START THE DATA
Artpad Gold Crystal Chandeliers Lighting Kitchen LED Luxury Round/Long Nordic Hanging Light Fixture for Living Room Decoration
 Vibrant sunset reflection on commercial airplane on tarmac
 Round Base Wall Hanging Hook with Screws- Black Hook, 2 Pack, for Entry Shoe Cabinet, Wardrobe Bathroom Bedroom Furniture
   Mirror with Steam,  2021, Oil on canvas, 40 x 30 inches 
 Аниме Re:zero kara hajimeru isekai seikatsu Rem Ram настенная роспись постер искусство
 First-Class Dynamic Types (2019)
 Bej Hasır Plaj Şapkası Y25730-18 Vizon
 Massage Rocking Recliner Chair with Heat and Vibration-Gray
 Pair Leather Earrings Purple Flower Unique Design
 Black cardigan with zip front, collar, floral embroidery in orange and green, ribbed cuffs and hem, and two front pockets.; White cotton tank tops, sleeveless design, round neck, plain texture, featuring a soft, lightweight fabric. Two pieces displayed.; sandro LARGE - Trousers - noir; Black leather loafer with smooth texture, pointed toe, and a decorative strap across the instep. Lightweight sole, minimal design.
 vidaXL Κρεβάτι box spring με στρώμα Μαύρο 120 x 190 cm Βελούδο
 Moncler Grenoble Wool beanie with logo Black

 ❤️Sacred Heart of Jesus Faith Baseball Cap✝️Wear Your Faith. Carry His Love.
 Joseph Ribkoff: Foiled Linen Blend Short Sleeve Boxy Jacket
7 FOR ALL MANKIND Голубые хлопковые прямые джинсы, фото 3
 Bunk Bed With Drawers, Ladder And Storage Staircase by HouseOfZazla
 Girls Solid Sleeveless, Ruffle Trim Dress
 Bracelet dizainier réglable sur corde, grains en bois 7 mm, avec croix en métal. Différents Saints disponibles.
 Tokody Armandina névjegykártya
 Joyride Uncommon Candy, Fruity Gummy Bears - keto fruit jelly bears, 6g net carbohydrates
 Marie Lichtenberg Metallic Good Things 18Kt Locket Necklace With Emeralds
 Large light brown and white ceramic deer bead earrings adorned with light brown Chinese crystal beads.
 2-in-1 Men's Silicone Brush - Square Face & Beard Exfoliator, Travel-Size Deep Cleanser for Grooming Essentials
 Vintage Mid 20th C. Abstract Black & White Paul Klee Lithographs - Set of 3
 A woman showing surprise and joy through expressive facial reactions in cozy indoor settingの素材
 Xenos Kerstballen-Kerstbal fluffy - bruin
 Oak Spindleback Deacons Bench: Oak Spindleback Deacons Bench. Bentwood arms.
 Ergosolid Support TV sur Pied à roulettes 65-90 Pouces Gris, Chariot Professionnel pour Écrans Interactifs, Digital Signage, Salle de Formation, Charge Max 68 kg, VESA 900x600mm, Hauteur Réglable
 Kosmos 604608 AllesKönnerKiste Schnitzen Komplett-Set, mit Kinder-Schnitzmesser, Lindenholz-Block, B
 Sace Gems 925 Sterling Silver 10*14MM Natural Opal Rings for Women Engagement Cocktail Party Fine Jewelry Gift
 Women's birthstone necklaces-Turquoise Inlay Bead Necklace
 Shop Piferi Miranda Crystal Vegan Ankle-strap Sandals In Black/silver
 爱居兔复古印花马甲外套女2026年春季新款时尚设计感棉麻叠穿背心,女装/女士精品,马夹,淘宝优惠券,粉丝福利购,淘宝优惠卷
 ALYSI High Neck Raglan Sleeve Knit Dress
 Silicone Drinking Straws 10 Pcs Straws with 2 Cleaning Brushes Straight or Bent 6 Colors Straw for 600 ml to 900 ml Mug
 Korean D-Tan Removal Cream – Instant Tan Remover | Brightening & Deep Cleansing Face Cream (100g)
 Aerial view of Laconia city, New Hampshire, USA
END THE DATA
• _YOUR OBJECTIVE_
Each line from the top of the records above through the line containing "Round Base Wall" needs to be transcribed exactly, and no line after it.

• _ANSWER SPACE_
Artpad Gold Crystal Chandeliers Lighting Kitchen LED Luxury Round/Long Nordic Hanging Light Fixture for Living Room Decoration
 Vibrant sunset reflection on commercial airplane on tarmac
 Round Base Wall Hanging Hook with Screws- Black Hook, 2 Pack, for Entry Shoe Cabinet, Wardrobe Bathroom Bedroom Furniture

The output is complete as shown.